Although the material holds pictures, none belong in the copy; transcribe exactly, and only, the lines from the one with "You will get" through the end.

→ Collected material
+===+
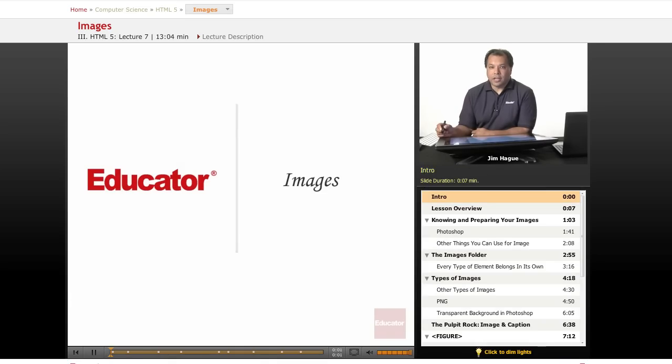In this lesson on educator.com's lessons on HTML5, we're going to go over images.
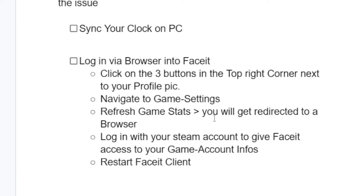You will get directed to a browser. Login with your Steam account to give Faceit access to your game account information. After that, restart the Faceit client. So you can try to login via browser and follow these steps which I have shown you.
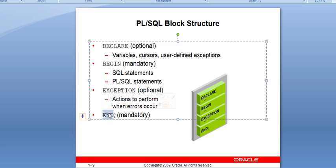The last part is END. END is a mandatory part of the block. Without END and without BEGIN, you cannot complete any block. So to summarize: DECLARE, BEGIN, EXCEPTION, and END are the parts of the PL/SQL block. BEGIN and END are mandatory, while DECLARE and EXCEPTION are optional.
+===+
→ Written answer
You will get directed to a browser. Login with your Steam account to give Faceit access to your game account information. After that, restart the Faceit client. So you can try to login via browser and follow these steps which I have shown you.
The last part is END. END is a mandatory part of the block. Without END and without BEGIN, you cannot complete any block. So to summarize: DECLARE, BEGIN, EXCEPTION, and END are the parts of the PL/SQL block. BEGIN and END are mandatory, while DECLARE and EXCEPTION are optional.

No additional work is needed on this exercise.